Cita um vídeo pornográfico de Paris Hilton como um assunto que pode ser o ponto de partida para um romance. Destaca que seu livro "Eu Sou Charlotte Simmons" (2004) "tem sexo desde o início" e lembra, como retrato do comportamento atual, a cena em que um jovem para ir ao banheiro de seu apartamento passa por cima dos corpos nus de um casal de amigos que nem reagem, limitando-se a cumprimentá-lo.
Ao retratar nossa época, Wolfe também se volta para o campo das artes, identificando o que classifica de "aristocracia do gosto", que leva criadores, críticos e apreciadores a acharem que são mais refinados do que a maioria da classe média americana por preferirem "coisas que as outras pessoas não entendem".
Segundo Wolfe, é essa aristocracia que levou a arte a deixar de ser visual e se tornar conceitual.
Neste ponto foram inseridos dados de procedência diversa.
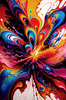 Vibrant Color Field Exploration Printable Abstract Art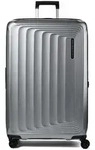 Samsonite Nuon 4 Rollen Trolley 81 cm mit Dehnfalte silberfarben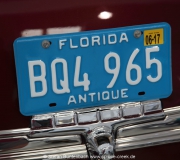 Historisches Florida Autokennzeichen gesehen auf der Spruce Creek Autoschau im May 2015 IMG_0248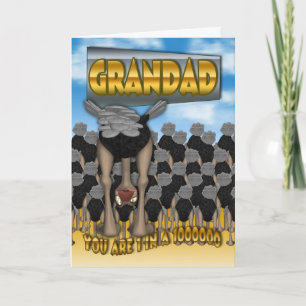 Grandad Fars dag-kort - du är 1 i 100000 Kort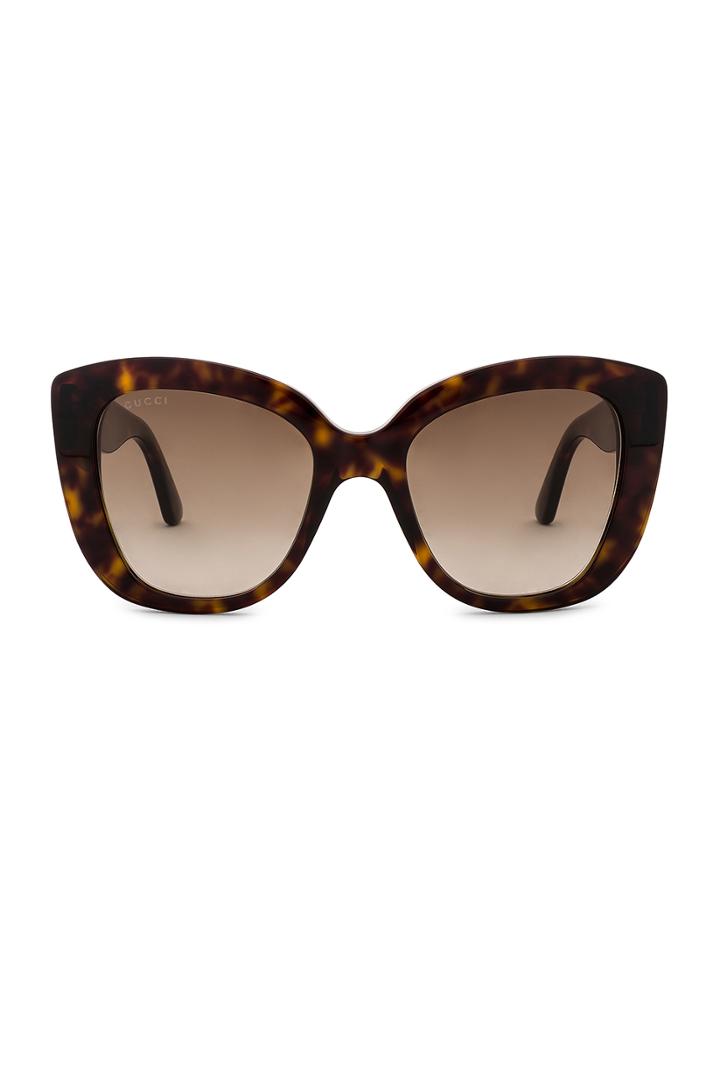 Oversize Square Cat Eye Acetate
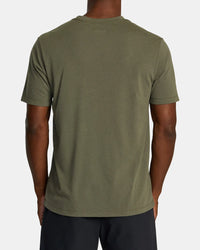 RVCA OLD ARCH SPORT TECH T-SHIRT - OLIVE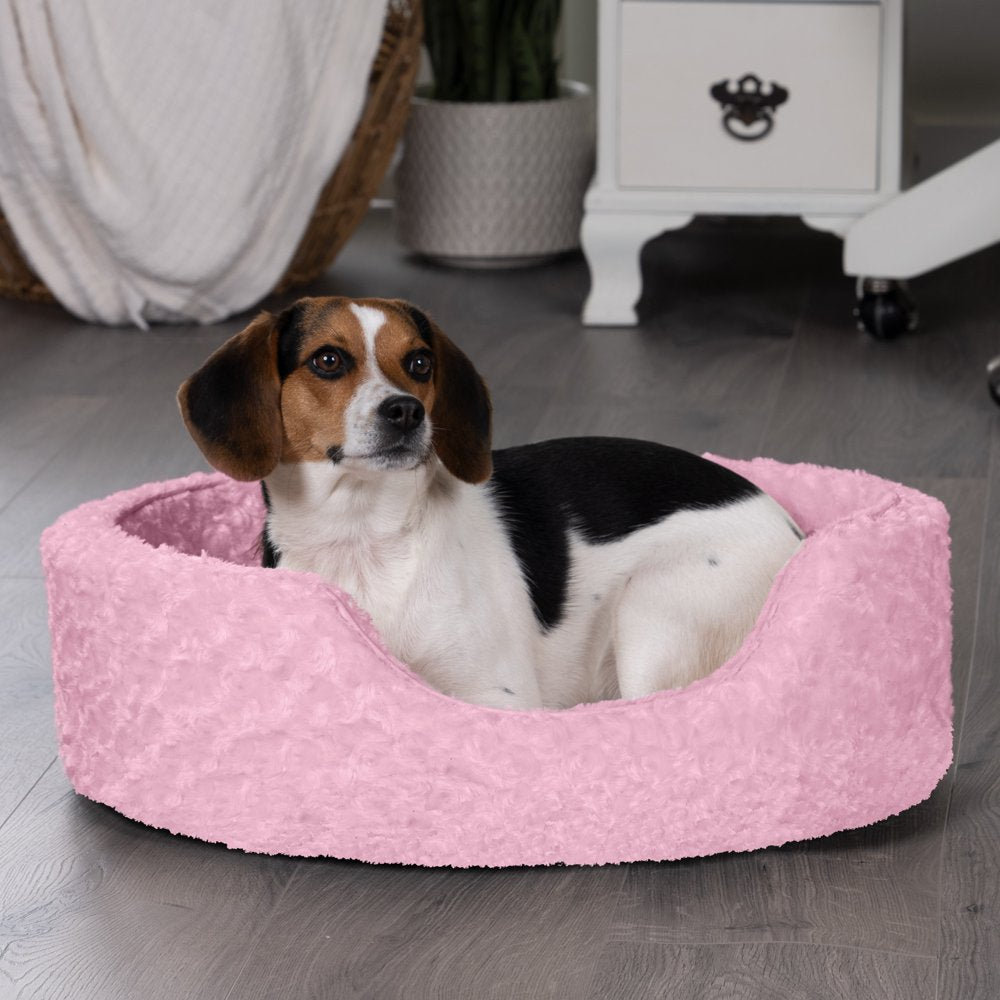 Furhaven | Oval Ultra Plush Pet Bed for Dogs & Cats, Strawberry, Medium Animals & Pet Supplies > Pet Supplies > Cat Supplies > Cat Beds FurHaven Pet   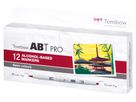 TOMBOW Dual Brush Pen ABT PRO ABTP-12P-1 Basic Colours 12 Stück (4003198150058)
No panorama que traçou, o escritor citou Marcel Proust e James Joyce como autores de textos cuja leitura, apesar de ser altamente conceituada em alguns círculos, "não causa prazer" ao público comum. Outros exemplos, no campo das artes plásticas, são, segundo Wolfe, Picasso, que "não sabia desenhar linhas de tal forma a criar profundidade no quadro" por ter abandonado a escola de arte antes de chegar o curso de anatomia de perspectiva, e Matisse, que "não sabia desenhar mãos", deixando-as parecidas com "uma planta de aspargos tirada do mercado".
Ao falar sobre os rumos da ficção, teorizou: "Os romances de mais alto conceito atualmente estão se encaminhando para um destino semelhante ao que aconteceu com a poesia, que foi colocada num pedestal tão alto, numa montanha tão alta, coberta de neve eterna, que todo mundo olha (de longe), mas ninguém vai lá em cima olhar (de perto). Algo semelhante vai acontecer com os romances, eles vão acabar sendo vistos, elogiados, mas não lidos." Wolfe também disse que a pior herança do chamado novo jornalismo é ter feito muitas pessoas acreditarem que podiam escrever subjetivamente, sem dar muita atenção à objetividade, sem se basear nos fatos.